Excerpt from Chapter One: Death by Modern Medicine
If the third-year medical students that interviewed me when I applied for medicine had their way, I would never have set foot into medical school. I would probably never have trained in naturopathy, acupuncture, homeopathy, herbalism, nutrition, and Chinese medicine, all of which were invaluable tools in my former medical practice, and continue to be priceless in my consulting, herbal research, and writing careers. If I had not gone to medical school I would never have developed an understanding of how traditional medicine and allopathic medicine work and I would never have written this and a dozen other books.
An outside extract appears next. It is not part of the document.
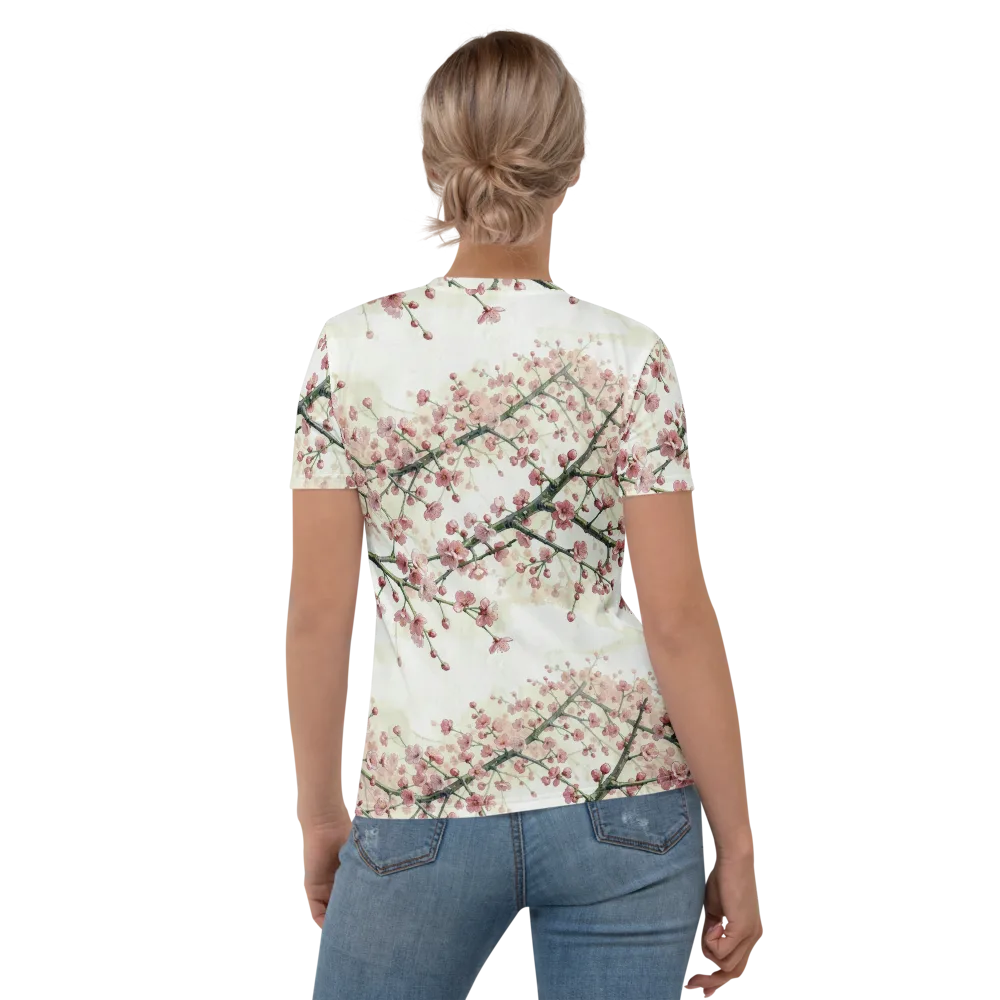 Cherry Blossom Canopy on Women's Crew Neck T-Shirt — Back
At Dalhousie Medical School, in Halifax, Nova Scotia, third-year medical students were part of the interview process for accepting new medical students. During my interview, I was asked if I thought I could make a difference in medicine. I said that I suspected I could. A week later I called in for an appointment with the Dean of Students, Dr. Fraser Nicholson. He told me the third-year interview did not go well. The interviewers thought I would not make a good doctor. They felt I was naïve and had a Pollyanna approach to medicine because I thought I could help people. I realized later, as I went through the agonizing grind of medical school, that by third year, medical students are so beaten down by the system and have seen so many sick people in hospital-based settings, none of whom seemed to be getting “cured”, that they know medicine is no place for a healer – an no place to get healed!
Prior to meeting with the medical students, I had already been interviewed by Dr. Nicholson who seemed to think I had a good head on my shoulders, a sparkle in my eye, and a sharp wit, all of which would make me a very fine doctor. We both agreed that the third-year students had gotten it all wrong. Thankfully, their negative opinion of me was tossed out the window and didn’t factor into my application or my acceptance into medical school.
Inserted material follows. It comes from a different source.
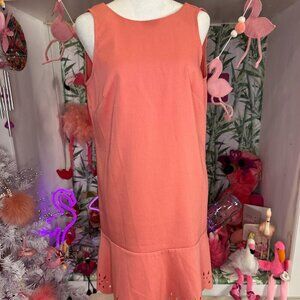 "LOFT" PEONY FLORAL LASER CUT CAREER CASUAL FLOUNCE DRESS SIZE: 2P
That interview was in 1973, and idealism in medicine was a rare commodity. Also on the endangered list were: nutrition, natural medicine, spirituality, and ethics. I entered medicine with a view to educating people about nutrition and lifestyle but what I found was a pervasive indoctrination against anything not drug- and surgery-oriented. In my first days of medical school we were repeatedly warned against chiropractors, herbalists, and health faddists. Making my own yogurt and eating it during breaks made me a subject of derision among my classmates, which only ended when Dr. Nicholson asked me in front of my class for the recipe!
The three main battles I had in medicine were the “boys club”, lack of ethics training, lack of nutrition education.
The Naughty Boys Club
In the very first week of medical school, one of the introductory instructors peppered and spiced up his talk with slides of nude females from “Playboy”. It was obvious this was ‘standard operating procedure’ at Dalhousie and I was shocked and outraged. I could see that the other women in the class were similarly horrified. What could we do? We muttered under our breaths and the men just laughed.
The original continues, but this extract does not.